Milky Way ate another galaxy, scientists say they’ve found scraps

Milky Way ate another galaxy, scientists say they’ve found scraps



HOUSTON  –  An unusual collection of stars may represent the remnants of a dwarf galaxy that the Milky Way devoured about 10 billion years ago. Astronomers have dubbed the ancient galaxy Loki, after the Norse god of mischief. The finding could change the current understanding of how the Milky Way evolved in the distant past. The vast Milky Way spans about 100,000 light-years and contains anywhere between 100 billion and 400 billion stars, according to NASA. A light-year is the distance light travels in one year, which is 5.88 trillion miles (9.46 trillion kilometers).  It grew over time starting about 12 billion years ago by merging with a multitude of dwarf galaxies. But the original size and mass of the Milky Way remain an open question, driving scientists to search for evidence of the galaxies it consumed to determine its history and evolution. To identify those missing puzzle pieces, astronomers have now zeroed in on a cluster of metal-lacking stars detected oddly close to the galactic disk, according to a study published in May in the journal Monthly Notices of the Royal Astronomical Society. The astronomers are interested in these stars near the disk, a massive rotating pancake-like region containing much of the Milky Way’s stars because the first stars in the universe were comprised of hydrogen and helium, which fused heavier elements together in their cores before exploding and unleashing the heavy elements that enriched future generations of stars. Metal-poor stars are often associated with ancient dwarf galaxies, which the Milky Way might have consumed over time to grow to its current massive state — and remnants of these cosmic meals might be hiding deep within the galaxy.

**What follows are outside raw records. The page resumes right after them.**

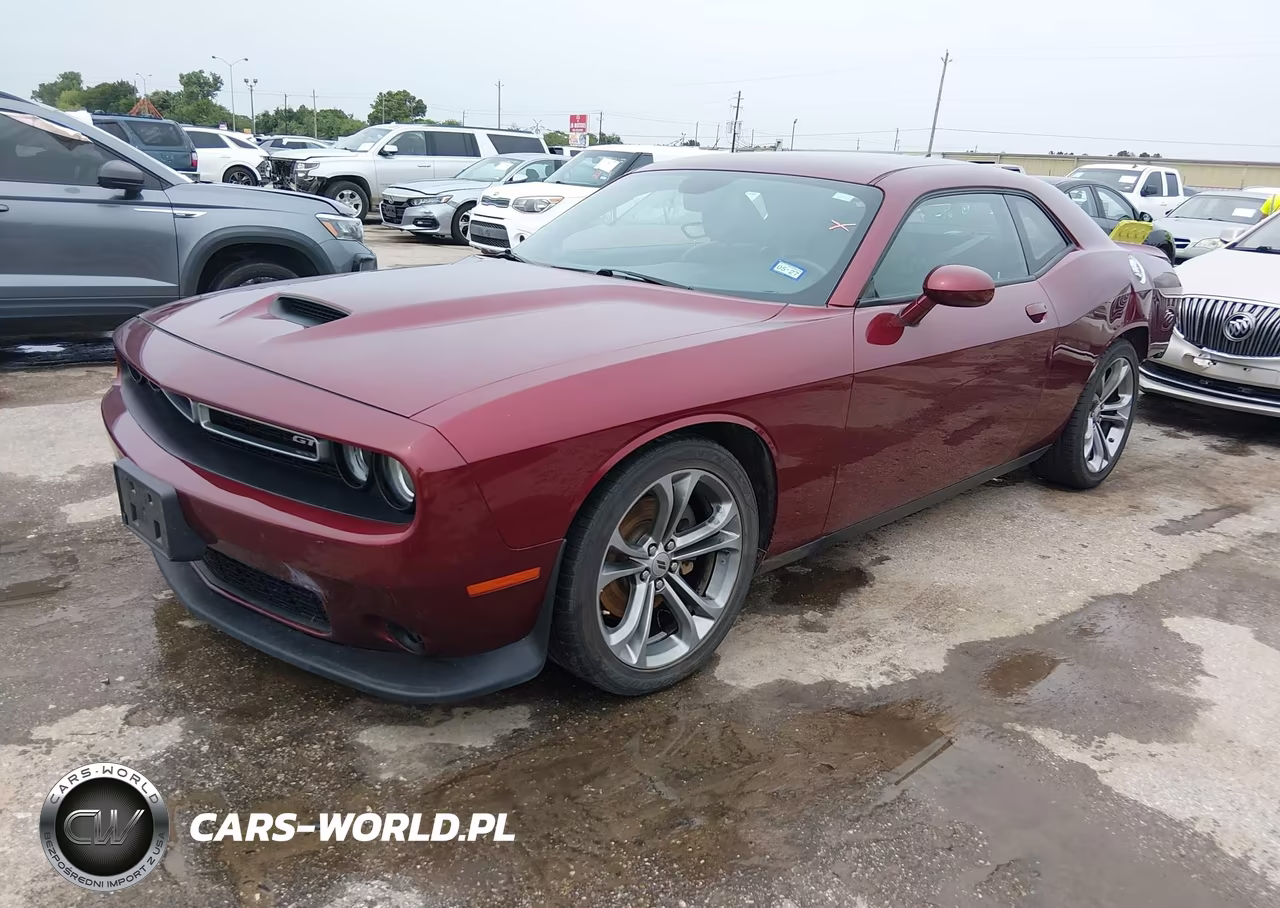 2021 Dodge Challenger Gt VIN:2C3CDZJG7MH517660 - 2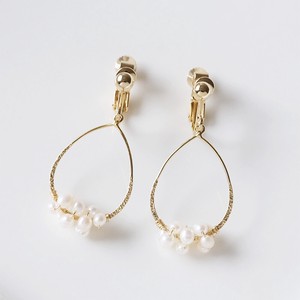 Clip-On Earrings Gold Post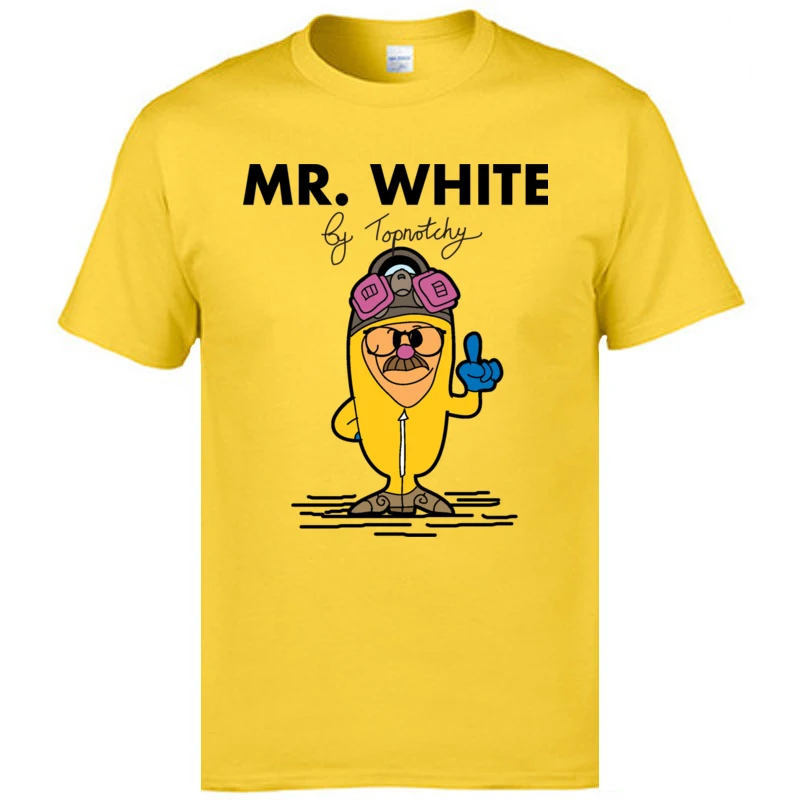 Fitness TightCool Short Sleeve Tops Shirt Summer New Coming Round Neck Pure Cotton Tops Tees Men T-Shirt MR. WHITE MR. WHITE yellow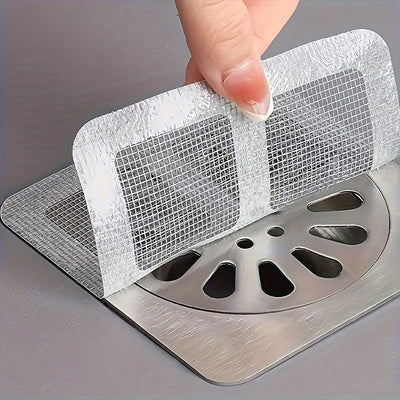 10 piezas de filtro para cabello en el baño, pantalla anti-insectos adhesiva para desagüe del inodoro y cocina, evita obstrucciones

The metal-poor composition of such ancient stars close to the galactic disk suggests that the Milky Way once made a rather large meal of another galaxy early in its history — and it could represent a critical, previously overlooked building block of our galaxy. Astronomers are like the detectives of the universe, searching the cosmos for clues of its origins, and very-metal-poor, or VMP, stars are a powerful tool in that quest, said Dr. Cara Battersby, associate professor of physics at the University of Connecticut, who did not participate in the study.  “VMP stars have been around for billions of years, holding within them clues to the formation of the Universe’s earliest generations of stars,” Battersby wrote in an email. Studying the metal-poor stars’ composition and motion can unlock details about the conditions and dynamics of the early universe, she added.  The search for metal-poor stars in the Milky Way has largely centered on the plentiful range of old stars in the galaxy’s stellar halo, so named because it’s a large, round diffuse cloud that surrounds the galactic disk. Some astronomers believe evidence of more ancient mergers could be found deeper inside the Milky Way, such as in its disk.

An abundance of young, metal-rich stars, as well as a plethora of dust, crowded within the galactic disk has made it hard to spot metal-poor stars there, said lead study author Dr. Federico Sestito, a postdoctoral fellow at the University of Hertfordshire’s Centre for Astrophysics Research in England.